Work to complete
From the line holding "Abi-Rose Walnut Solid" through the line holding "Boys black pu" below, write out every line exactly; include both of those lines and drop the pictures.

Data extract
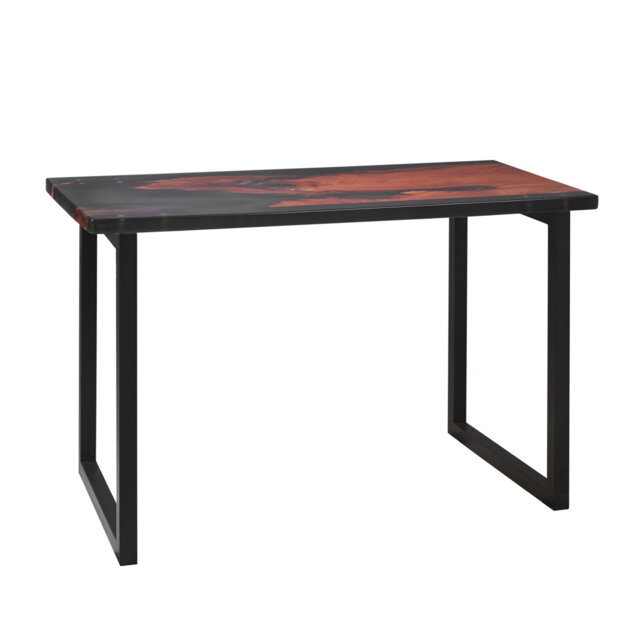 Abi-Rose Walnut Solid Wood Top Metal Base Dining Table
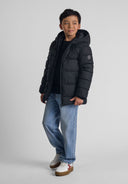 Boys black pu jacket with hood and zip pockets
...
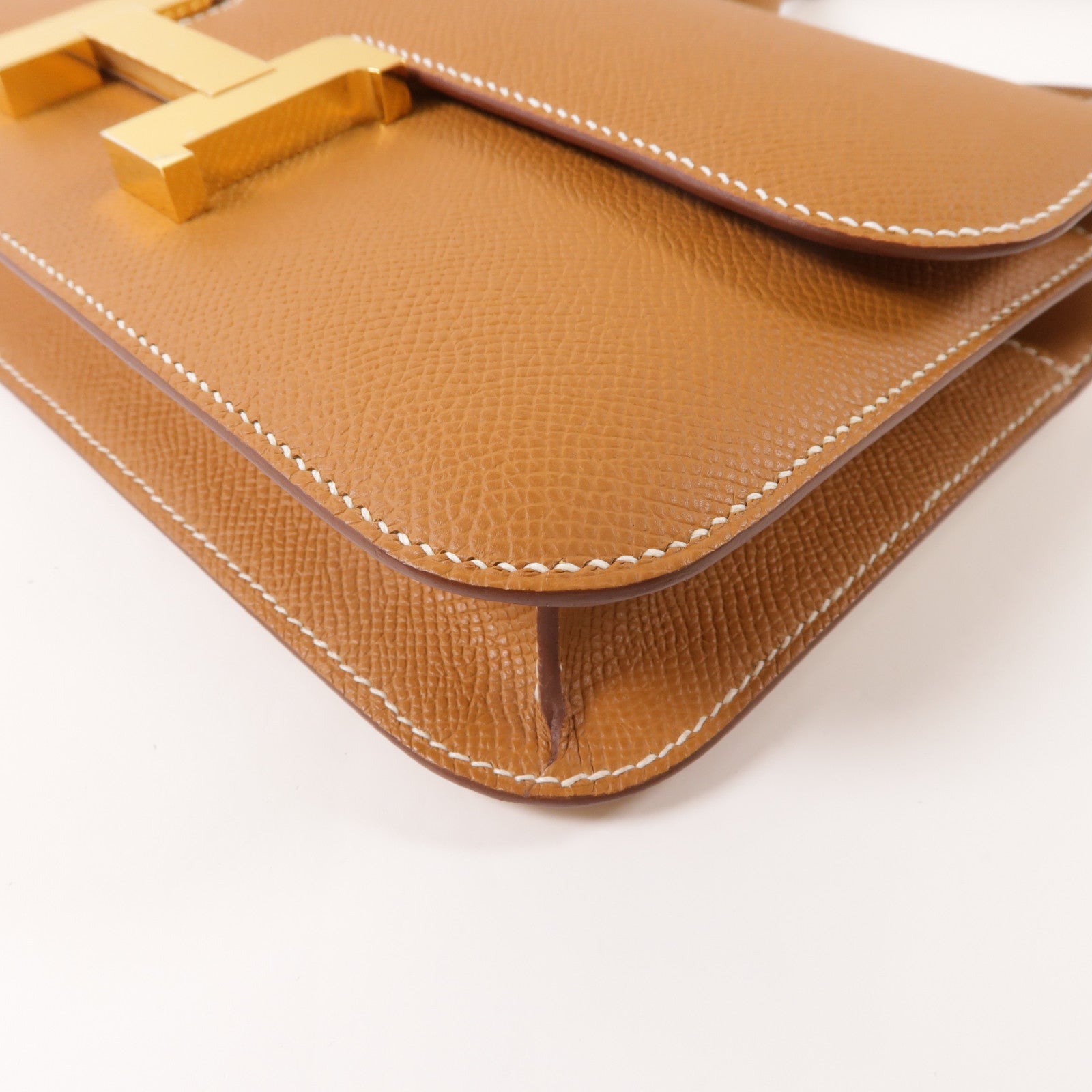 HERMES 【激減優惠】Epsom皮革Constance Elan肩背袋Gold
---
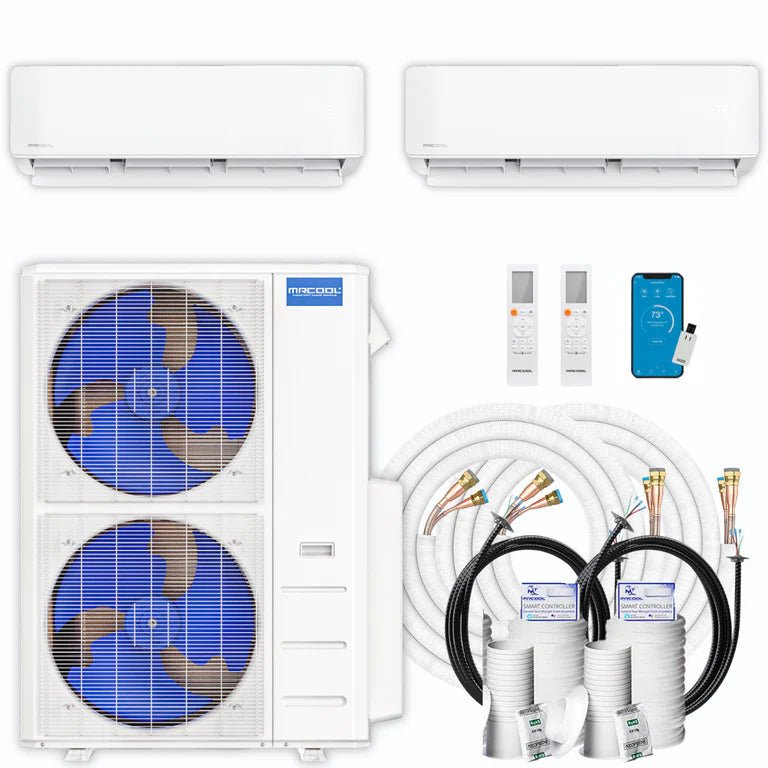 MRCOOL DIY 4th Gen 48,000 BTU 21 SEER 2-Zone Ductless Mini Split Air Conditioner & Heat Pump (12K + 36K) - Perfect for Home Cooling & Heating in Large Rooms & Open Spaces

Exercise output
 Abi-Rose Walnut Solid Wood Top Metal Base Dining Table
 Boys black pu jacket with hood and zip pockets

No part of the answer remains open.